The objective of the original graph is to depict the average height of women across 6 countries, namely Latvia, Australia, Scotland, Peru, South Africa, and India. The graph was shared on Reddit on 19th January 2020, which listed morethanmyheight.com as the original source, but that website was not accessible due to the website being not secured and posed a potential threat to my device. However, some information on the website was available. More Than My Height (MTMH) is a company built to promote body positivity movement targeted to improve self confidence of tall women, as well as sell clothes designated for taller women. Hence, this graph is probably used to show women that the average height of women differs across different countries, hence is okay to not be of similar height compared to their peers.
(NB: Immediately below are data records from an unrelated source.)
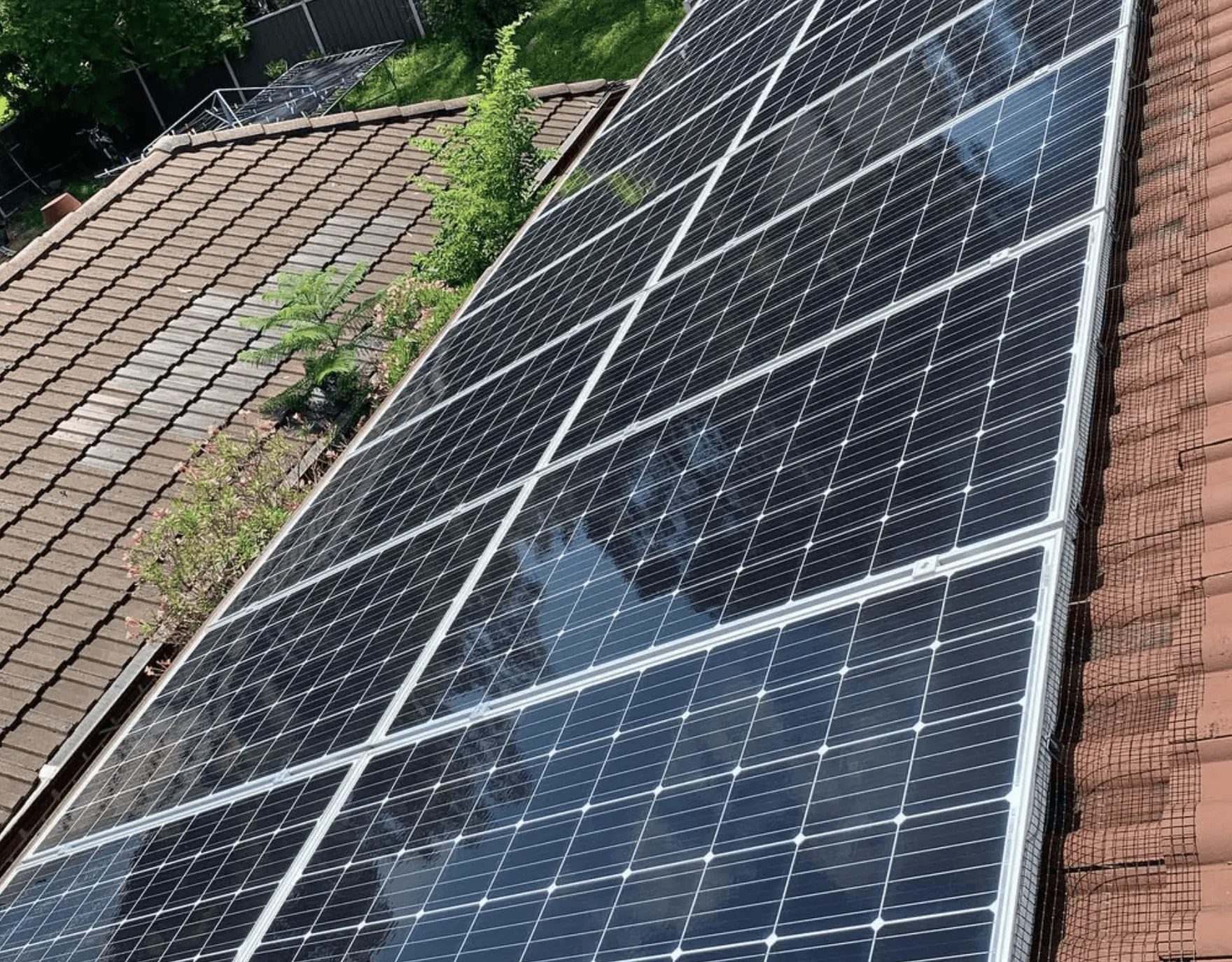 you need to turn off solar panels before cleaning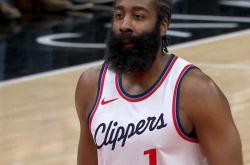 雷速体育app-火箭擒公牛，哈登神奇绝杀狂砍42分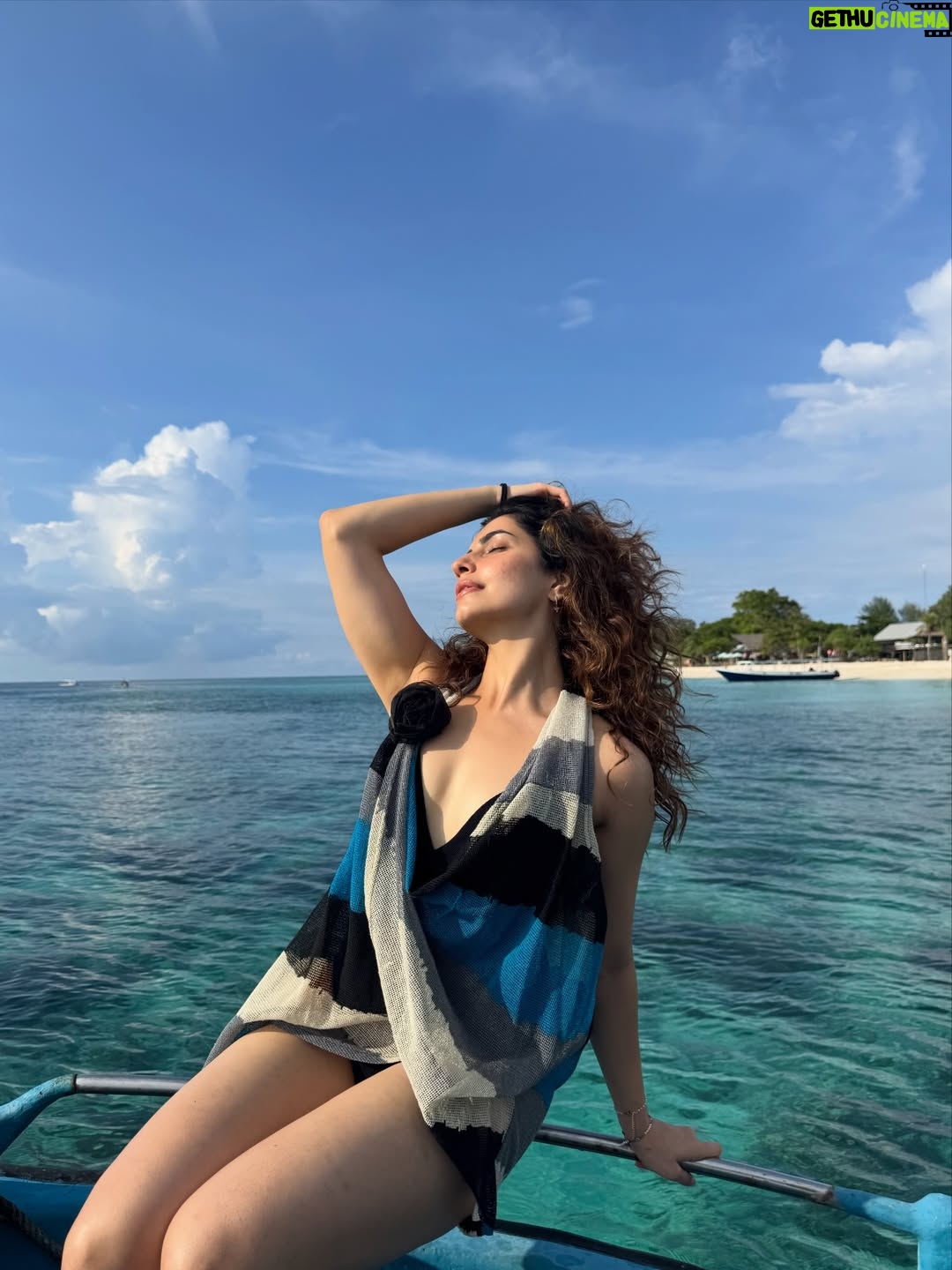 Simrithi Bathija - 9.2K Likes - Delayed Bali dump, but worth revisiting 🌊🍹🌞

.

.

.

@rareclub.in 
#takemeback #bali #islandgirl #fyp #simrithibathija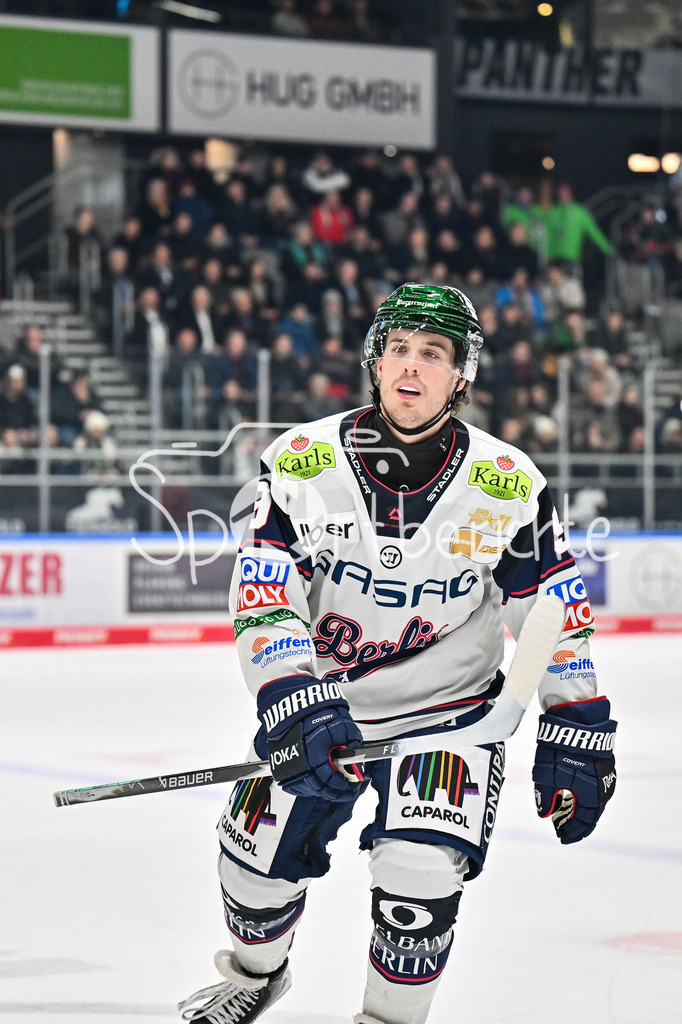Augsburger Panther - Eisbären Berlin | AUGSBURG, GERMANY - 27. JANUARY: Jubel der Gäste nach dem Treffer zum 0-1 durch Ty RONNING (Eisbären Berlin 9) / Tor / Torschuetze / Freude / Happy während dem Match zwischen den Augsburger Panthern und den Fischtown Pinguins am 43. Spieltag der Penny DEL im Curt Frenzel Stadion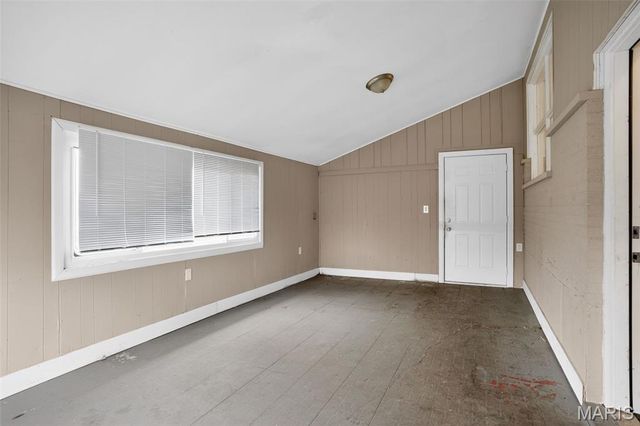 2201 Hollis Drive, St Louis, MO 63136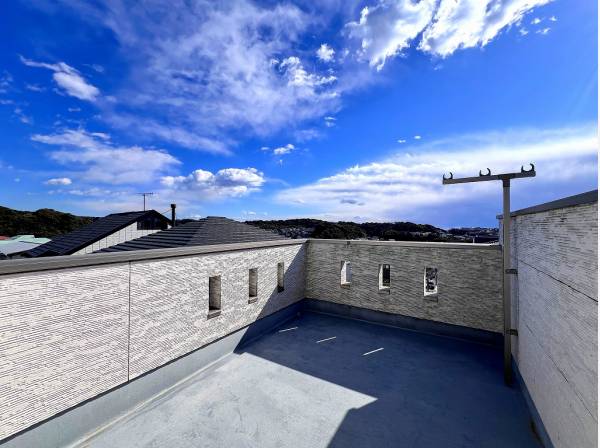 ルーフバルコニーはチェアを置いてプライベートタイムを満喫できそう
Based on the graph, the targeted audience is highly likely to be females, especially of taller in height.

The visualisation chosen had the following three main issues:

  • Misleading scale: The Y-axis did not start from 0, which showed a distorted and exaggerated difference between the average height of women across the countries. In the graph, the average height of Latvian women was portrayed as approximately 4 times the height of Indian women, which was highly inaccurate as the actual height difference between Latvian women and Indian women was 5 inches.
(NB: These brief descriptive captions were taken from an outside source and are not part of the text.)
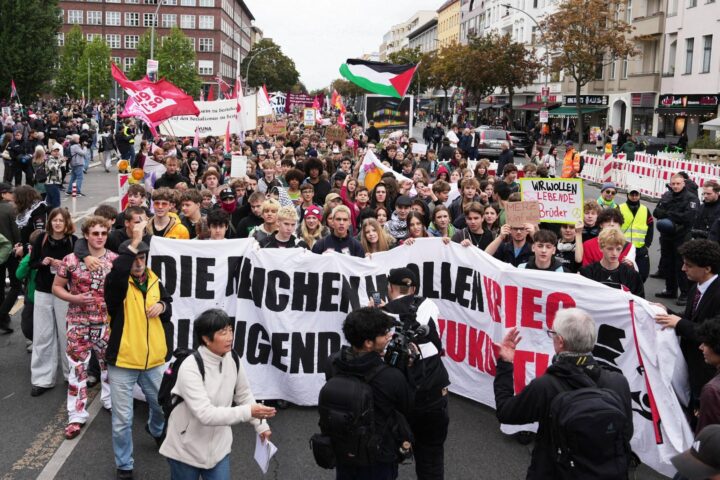 Schulstreik gegen die Wiedereinführung einer Wehrpflicht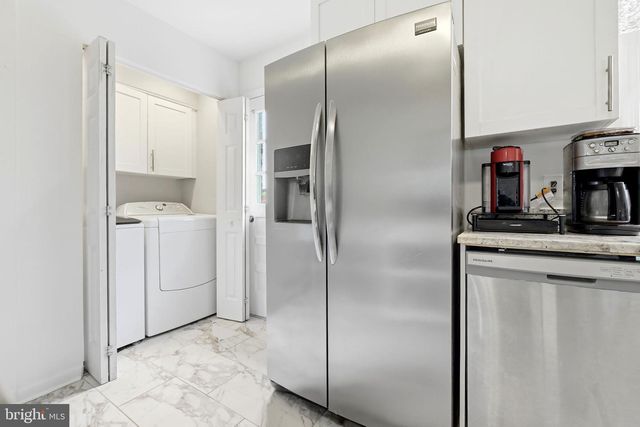 8911 PEABODY ST, Manassas, VA 20110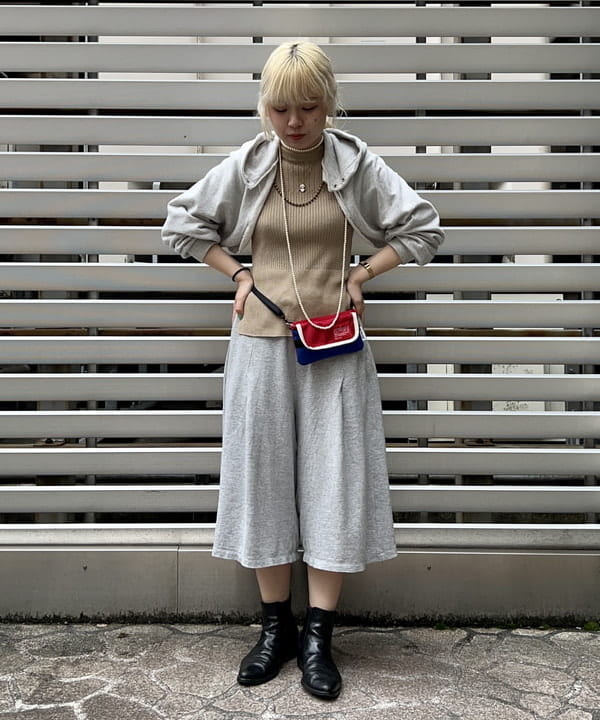 ナツハさんの「BEAMS WOMEN｜CASIO / デジタルゴールド ミニ」を使ったコーディネート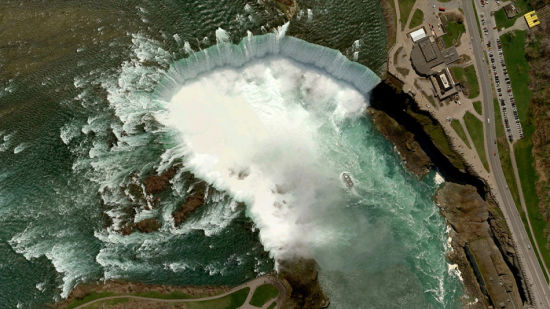 　　美国加拿大边境的尼亚加拉大瀑布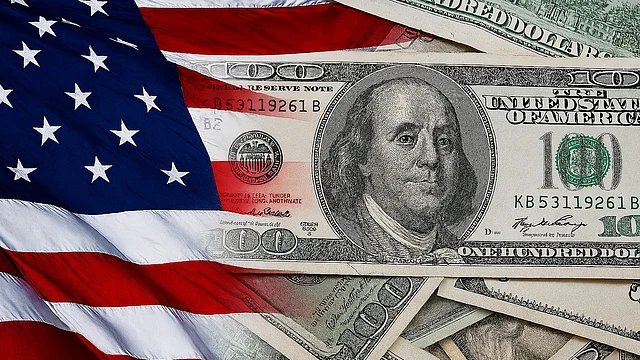 Global Markets Brace as US Dollar Sees Historic 10% Drop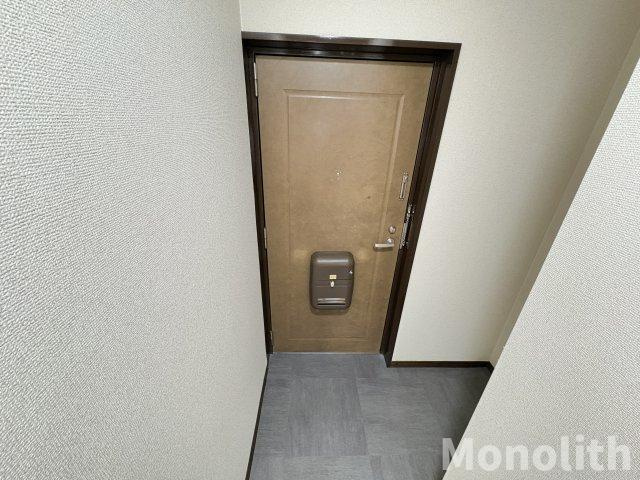 ハイムとのぎの玄関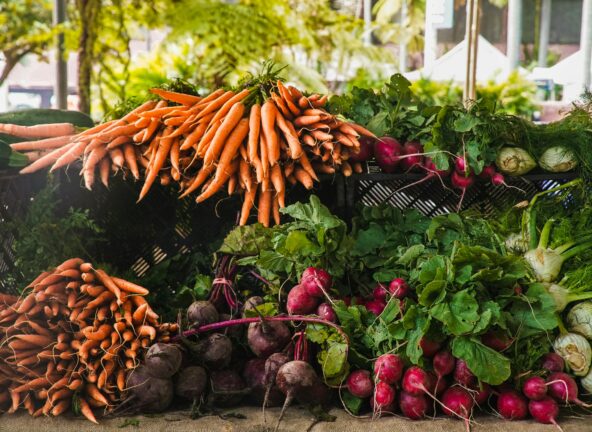 Producenci owoców i warzyw pełni obaw po przywróceniu 5-proc. VAT-u na żywność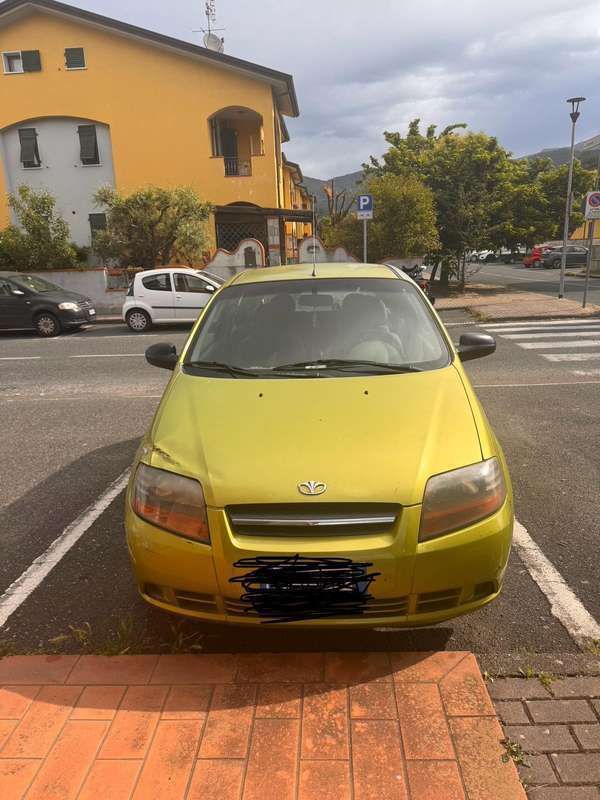 Usata 2003 Chevrolet Kalos SE Plus Tre volumi | 1500 € (Buon prezzo) - Immagine 1/4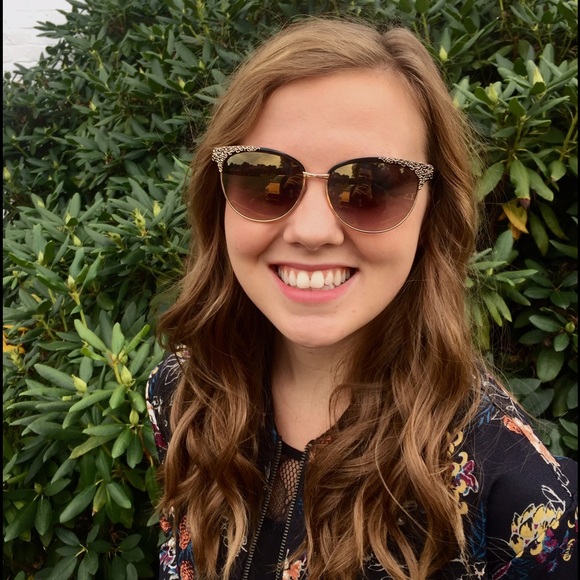 Accessories - 🎉 Host Pick 🎉 Black & Gold Sunglasses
  • Symbol and colour issues: The female symbols used to plot the average height of female samples were inappropriate as all symbols were overlapping each other, making the graph hard to read. The colours used for the symbols were different shades of pink but the different shades did not represent any information.

  • Data integrity: The graph did not mention the source of data. Besides, the year of measurements obtained and age of female samples were not stated. Both factors can influence the measurements.

Reference

Code

The following code was used to fix the issues identified in the original.

#load packages
library(ggplot2)
library(dplyr)

#import and filter data
height <- read.csv("ahow.csv")
height1 <- height %>% filter(Entity %in% c("Australia", "India", "Latvia", "Peru", "South Africa", "United Kingdom"),  Year=="1996")
height1$Code <- NULL
height1$Year <- NULL

#convert into data frame
as.data.frame(height1)
##           Entity Mean.female.height..cm.
## 1      Australia                165.8582
## 2          India                152.5896
## 3         Latvia                169.7979
## 4           Peru                152.9325
## 5   South Africa                158.0261
## 6 United Kingdom                164.4021
#draw plot
p <- ggplot(data = height1, mapping = aes(x = height1$Entity, y = height1$Mean.female.height..cm.))+
  geom_bar(stat = "identity", fill = "pink3") + geom_text(aes(label = round(height1$Mean.female.height..cm., digits = 2)),  position=position_dodge2(width=0.9), vjust=-0.25)

#axis labels and title
p <- p+labs(x = "Country", y = "Mean Height (cm)", title = "Average Height of Females Born in 1996 by Country", subtitle = "Mean Height of 18 Years Old Females Measured in 2014", caption = "Data Source: Our World in Data" )
p <- p+theme(plot.title = element_text(hjust = 0.5), plot.subtitle = element_text(hjust = 0.5))

Data Reference

Reconstruction

The following plot fixes the main issues in the original.

* Scale: The Y-axis was fixed to start from 0 to show a more appropriate difference in scale.

  • Symbol and colour: Non-overlapping bars were used to plot the average height of female samples, and the mean heights of females from each country were stated above each bar to increase readability. Only one colour was used as more colours were not necessary

  • Data integrity: This reconstructed graph mentioned the source of data, year of measurements obtained, and age of female samples.